In 2015, Dr Canan Dağdeviren (seen right) was busy with her post-doctoral fellowship at MIT in Boston when she received news that her aunt, then living in the Netherlands, had been diagnosed with breast cancer. Sadly, it was a particularly aggressive form of the disease and her aunt passed away within six months of the original diagnosis. However, Dağdeviren was able to spend time with her aunt which allowed them to discuss how things might have turned out if there had been a method available for early detection of the cancer. That’s when she decided to develop such a system.
Dağdeviren has had an interesting and varied academic journey to date. Born in Turkey, she earned an undergraduate degree in engineering physics in Ankara before enrolling for a master’s degree in Istanbul. Then, with the benefit of a Fulbright Scholarship she graduated with a PhD in materials science and engineering from the University of Illinois at Urbana-Champaign. Her thesis included research on a piezoelectric energy harvester that converted mechanical energy from internal organ movement into electrical energy to power implanted medical devices such as a cardiac pacemaker.
A recently published article by Dağdeviren and co-workers in Science Advances, entitled “Conformable ultrasound breast patch for deep tissue scanning and imaging,” demonstrates that she has met the commitment she made to her aunt.

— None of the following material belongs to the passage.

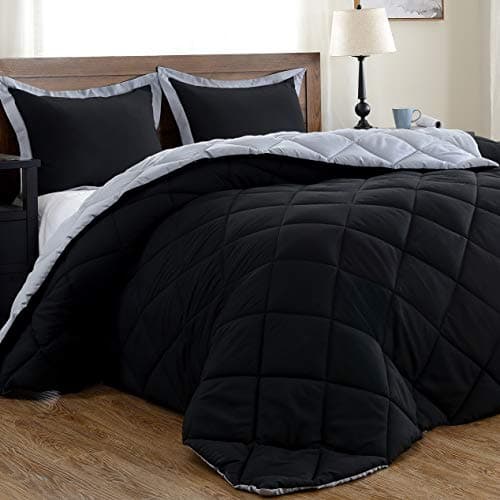 Hemau Premium New Soft Lightweight Solid Comforter Set (King) with 2 Pillow Sha - 3-Piece Set - Black and Grey - Hypoallergenic Down Alternative Reversible Comforter | Style 503192444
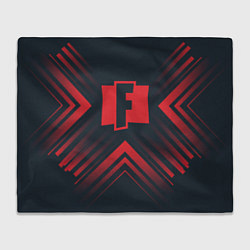 Плед флисовый Красный символ Fortnite на темном фоне со стрелкам, цвет: 3D-велсофт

Seen at left is the wearable patch incorporated within a bra (© Daoudwiki). The team commented, “For use in practical applications, there are additional advantages such as re-usability, ease of operation, and feasibility for at-home continuous monitoring of breast abnormalities when lesion dimensions do not yet exceed 2 cm.”
Their device is based on standard ultrasound technology and employs a novel piezoelectric material, enabling a small form factor. In order to image the whole breast, the patch must be moved to six different positions. The team does not believe their scanner will replace mammography as the primary screening modality but could be used by women at home between their annual mammograms.
In addition to testing their device in the laboratory, Dağdeviren and her team were also able to demonstrate its ability to detect cysts in a 71-year-old patient with a history of benign cysts. Seen at right (© Science Advances) is an ultrasound image of a cyst identified by a blue dashed circle. In a video interview with AuntMinnie.com, Dağdeviren said: “This was a dream from eight years ago but now it’s real,” and she went on to explain she was planning to launch a company to commercialise the technology.